Serialize and de-serialize data
This page explains how to use PyKX to serialize and de-serialize kdb+/q data structures directly to and from Python byte objects.
There are two main ways to serialize/de-serialize data with PyKX:
-
By interfacing with Python's pickle library to persist data to disk in a Python friendly format.
-
By using the kx.serialize module to prepare data in q IPC data format.
WARNING
In all cases, de-serializing data can be risky. Proceed only if you’re sure the data comes from a trusted source.
Serialization using pickle
Serializing data is extremely useful in cases where you need to convert a data object into a format that is easily transmittable, such as storing data or transferring it to a remote process.
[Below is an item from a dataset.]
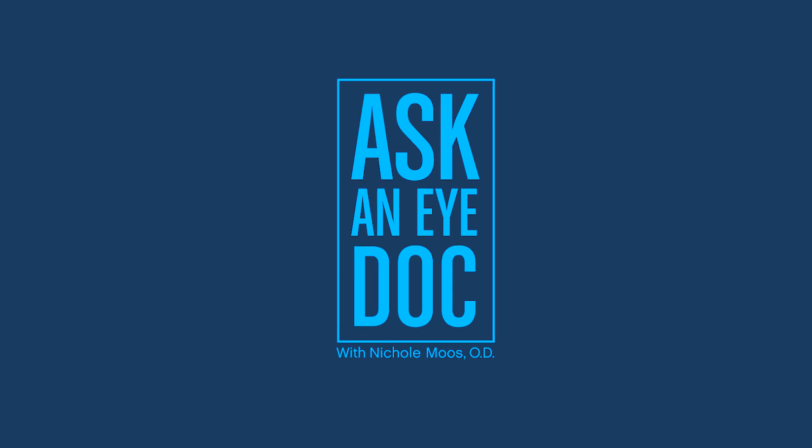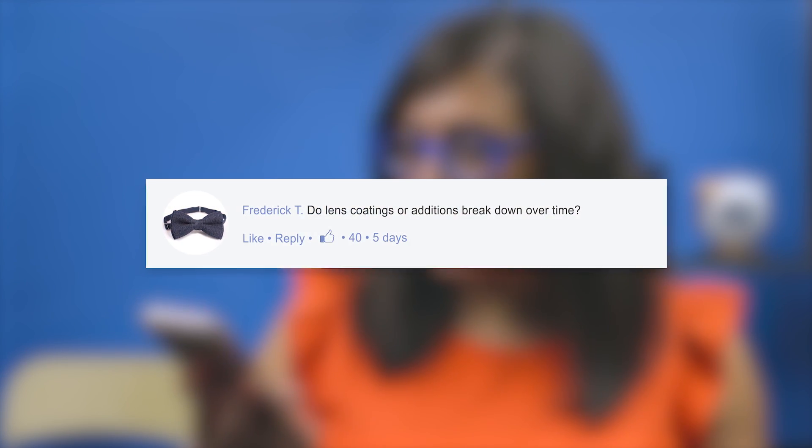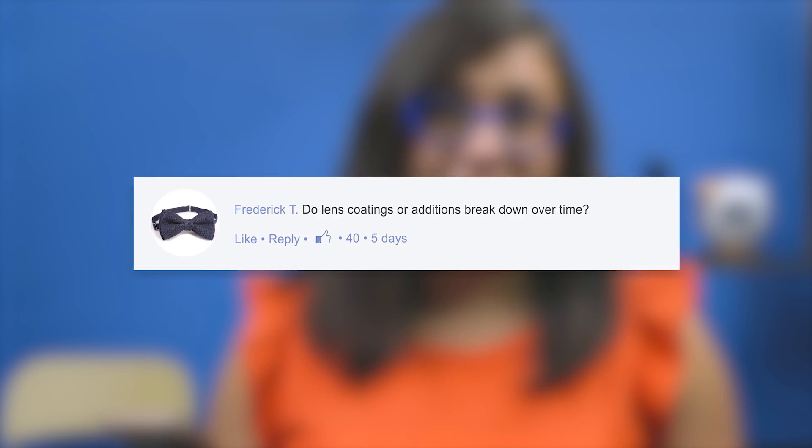Hi everybody! Welcome to Ask an iDoc where I answer your questions on social media. Frederick asks: do lens coatings or additions break down over time?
When serializing your PyKX data in most cases it is suggested that you make use of the integration between PyKX and Pickle.
In the following three examples you can see the serialization and de-serialization of various PyKX objects:
-
PyKX Table
Python
Copy>>> import pykx as kx
>>> import pickle
>>> table = kx.Table([[1, 2, 3]])
>>> print(table)
x x1 x2
-------
1 2 3
>>> pdump = pickle.dumps(table)
>>> print(pdump)
b'\x80\x04\x95\xf5\x00..'
>>> print(pickle.loads(pdump))
x x1 x2
-------
1 2 3 -
PyKX Float Vector
Python
Copy>>> import pykx as kx
>>> import pickle
>>> qvec = kx.random.random(10, 2.0)
>>> print(qvec)
0.7855048 1.034182 1.031959 0.8133284 0.3561677 0.6035445 1.570066 1.069419 1..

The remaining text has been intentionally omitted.